-- Records supplied follows --
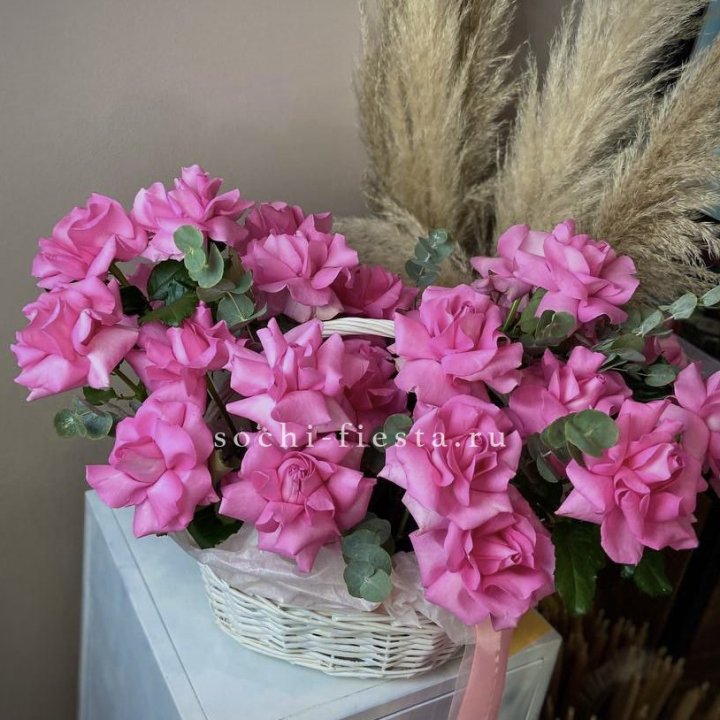 25 роз в цветочной корзине Пинк в Братске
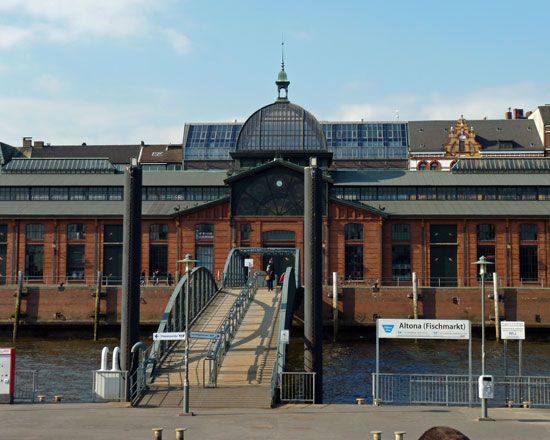 Hamburg: 2-Hour Tour Along the Elbe - Starting Point at the Landungsbrücken and the Willi-Bartels-Treppe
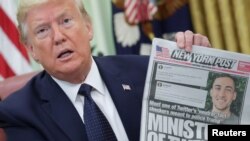 Le président américain Donald Trump brandit une première page du New York Post alors qu'il s'adresse aux journalistes tout en discutant d'un décret sur les sociétés de médias sociaux à la Maison Blanche à Washington, États-Unis, le 28 mai 2020. REUTERS / Jonathan Ernst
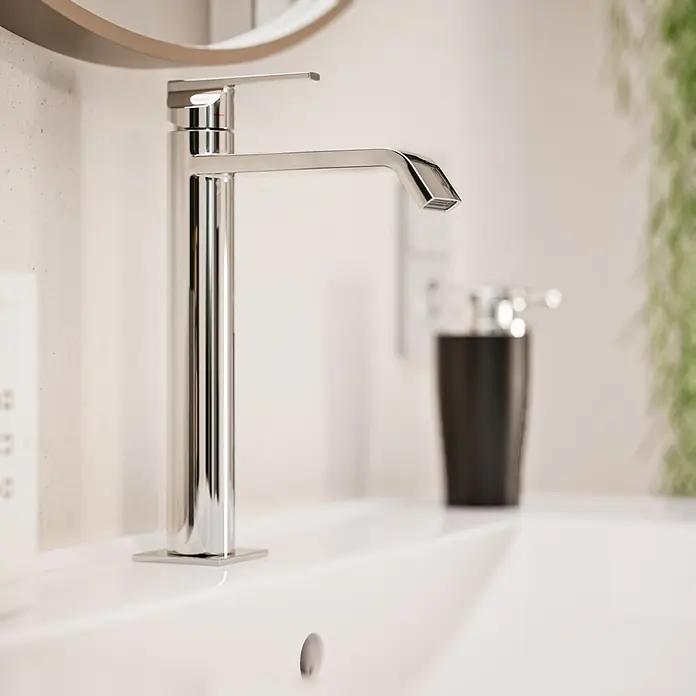 VitrA Suit Waschtischarmatur - Chrom, Glänzend, Höhe: 26,4 cm - Schlanker Chromwasserhahn in einem weißen Waschbecken installiert.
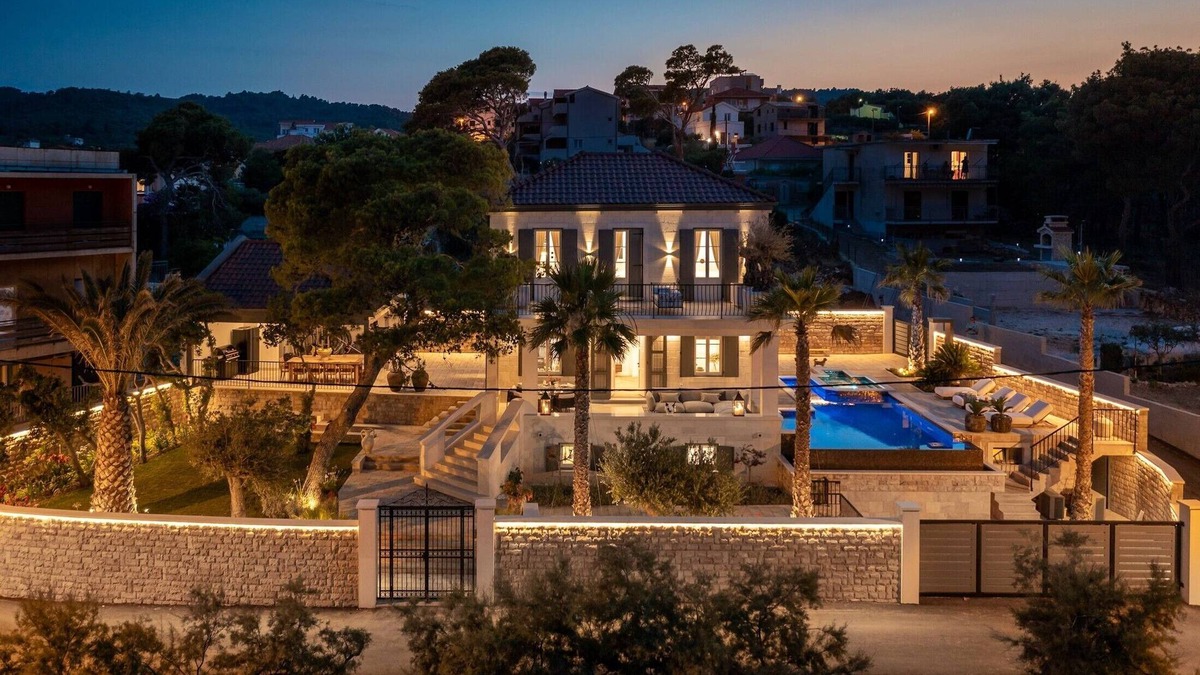Slatine Villa | Luxurious Ciovo Villa | 5 Bedrooms | Villa Summer Breeze | Private Heated.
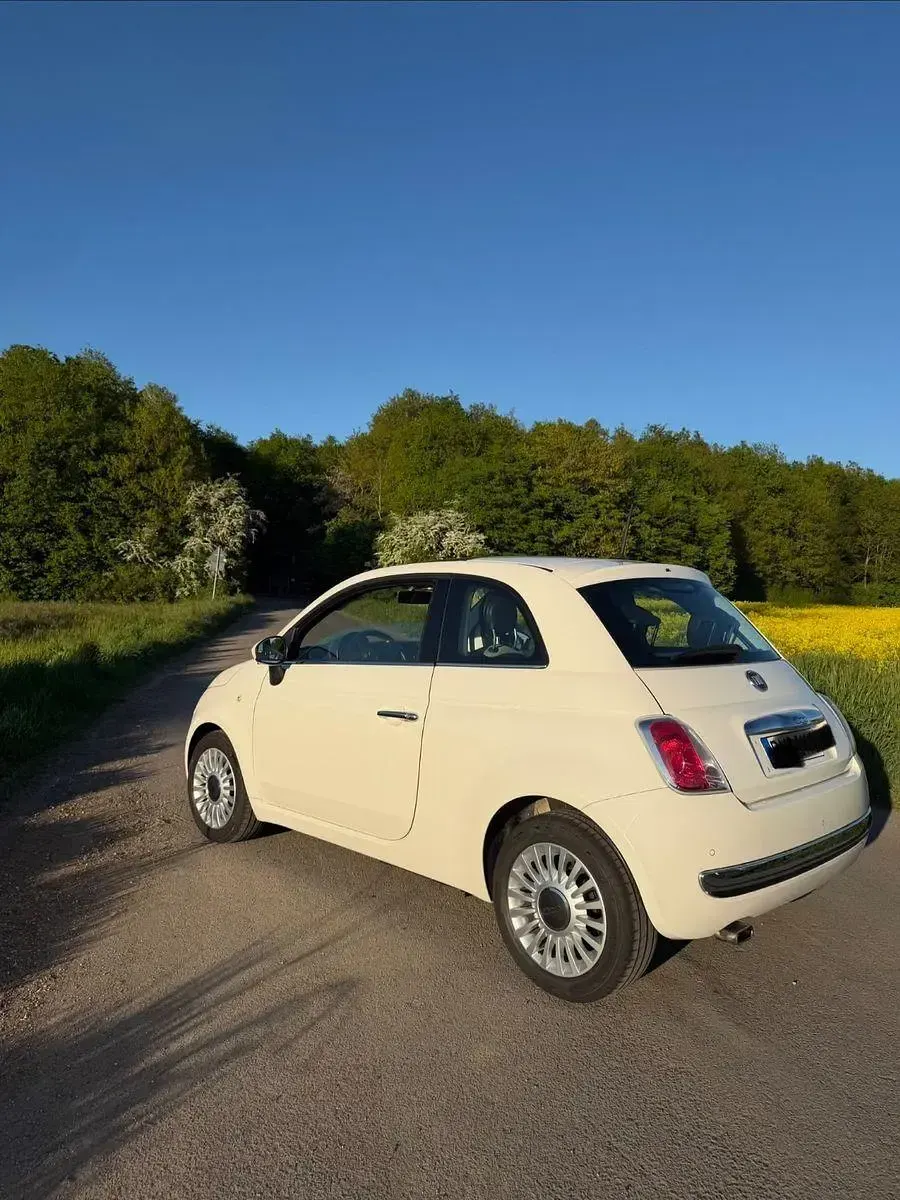 Gebraucht Fiat 500 Lounge 86 PS (63 kW) 2013 Weiß Kleinwagen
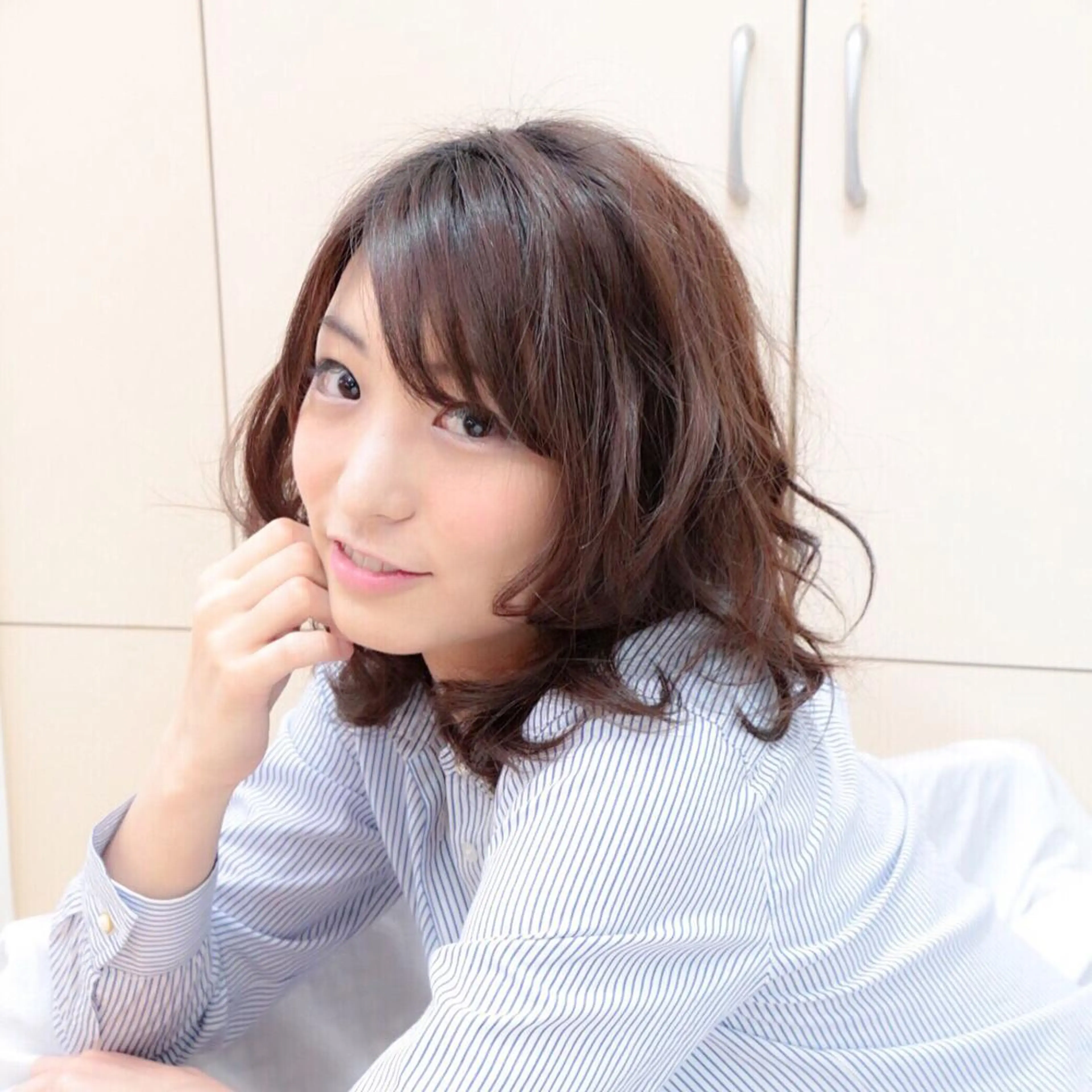 ミディアム セミロング 小林 伊織のヘアスタイル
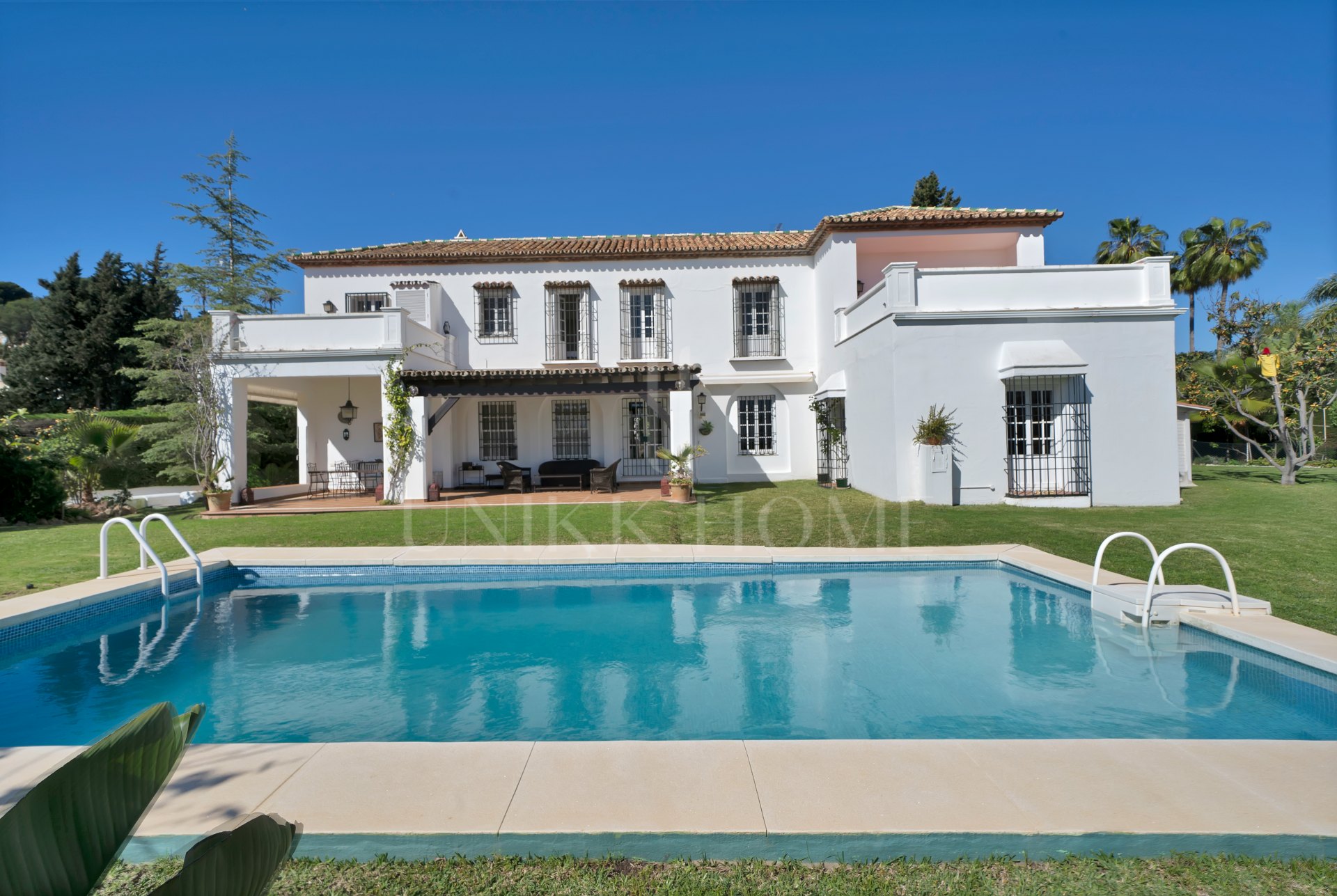 New to the market, Exclusivity: Detached Villa for Sale in Nueva Andalucía, Marbella – Prime Location with Sea Views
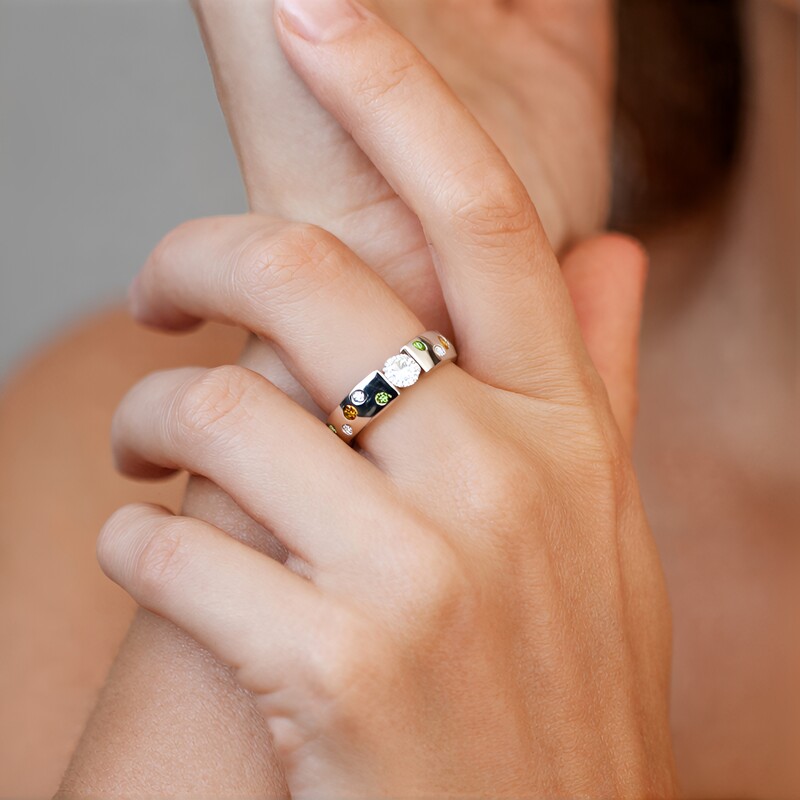 Anillo en plata con Zircón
-- Records supplied concluded --
**Assignment**
Repeat the material exactly as it reads, without any of its pictures.

**Answer area**
 25 роз в цветочной корзине Пинк в Братске
 Hamburg: 2-Hour Tour Along the Elbe - Starting Point at the Landungsbrücken and the Willi-Bartels-Treppe
 Le président américain Donald Trump brandit une première page du New York Post alors qu'il s'adresse aux journalistes tout en discutant d'un décret sur les sociétés de médias sociaux à la Maison Blanche à Washington, États-Unis, le 28 mai 2020. REUTERS / Jonathan Ernst
 VitrA Suit Waschtischarmatur - Chrom, Glänzend, Höhe: 26,4 cm - Schlanker Chromwasserhahn in einem weißen Waschbecken installiert.
Slatine Villa | Luxurious Ciovo Villa | 5 Bedrooms | Villa Summer Breeze | Private Heated.
 Gebraucht Fiat 500 Lounge 86 PS (63 kW) 2013 Weiß Kleinwagen
 ミディアム セミロング 小林 伊織のヘアスタイル
 New to the market, Exclusivity: Detached Villa for Sale in Nueva Andalucía, Marbella – Prime Location with Sea Views
 Anillo en plata con Zircón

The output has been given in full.